Also, you risk financial dislocation if you were to rely only on the Old Age Security (OAS) and Canada Pension Plan (CPP) pensions. Current retirees are discovering this hard truth. If you’re approaching the retirement zone, do a self-assessment. Following is a simple three-step checklist to determine your readiness.

Low or zero debt

Would-be retirees should be prioritizing debt repayments, particularly an outstanding mortgage. Ideally, you should be entering the retirement phase debt-free or at least with minimal debt. Many retirees are prisoners of debt that they use retirement savings and pensions to retire debts. Likewise, avoid obtaining new loans that will add to your burden. 

Good to downsize

Downsizing is inevitable if you want to preserve or stretch your nest egg. Moving to a smaller home with lower maintenance costs is a practical move. Besides, you’ll need to set aside more for healthcare costs, which will eat up a chunk of your monthly budget as you age.

With investment income

As mentioned above, you can’t live comfortably in retirement with just the OAS and CPP. Investment vehicles like the Tax-Free Savings Account (TFSA) and the Registered Retirement Savings Plan (RRSP) are available to help you build retirement wealth. You can purchase “buy-and-hold” stocks to keep in either account.

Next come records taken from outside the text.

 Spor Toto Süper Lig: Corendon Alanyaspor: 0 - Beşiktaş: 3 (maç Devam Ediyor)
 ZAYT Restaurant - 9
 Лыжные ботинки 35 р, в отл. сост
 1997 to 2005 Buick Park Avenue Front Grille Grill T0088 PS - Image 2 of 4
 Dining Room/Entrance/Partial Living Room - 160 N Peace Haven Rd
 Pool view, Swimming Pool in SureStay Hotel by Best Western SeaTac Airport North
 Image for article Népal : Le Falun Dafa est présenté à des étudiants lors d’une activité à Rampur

Retirees need a third pillar to fill the inadequacies of pension payments. Investment income would lower your retirement risk and boost your spending power. The Canadian Imperial Bank of Commerce (TSX:CM)(NYSE:CM) provides a low-risk income stream.

The bank stock boasts of a 152-year dividend track record. If it pays a dividend yield of 5.9% and you own $200,000 worth of shares, your monthly passive income is $983.33. In 20 years, your investment will grow to $584,658.75. With the dividend earnings, you can accumulate more shares of CIBC to keep growing your nest egg.

Some investors are skeptical of retail banks with large mortgage portfolios. While CIBC is one of them, the fifth-largest bank in Canada has a substantial credit loss provision in case of a housing crash. The bank sacrificed 70% of net income in Q2 2020 and set aside $1.41 billion should its mortgage portfolio turn sour.

CIBC is experiencing high usage of its digital banking by Canadian seniors (age 65 and older). Sign-ups in April increased by 250% and continue to climb. According to Laura Dottori-Attanasio, CIBC’s Group Head of Personal and Business Banking, seniors can stay at home and utilize this channel to pay bills, fund transfers, and other routine bank transactions.

Green light

Nothing will prevent you from retiring if you’re debt-free, have no qualms about downsizing, and invest in a blue-chip asset like CIBC that provides an unrestrained income stream. Your OAS and CPP are just icing on the retirement cake.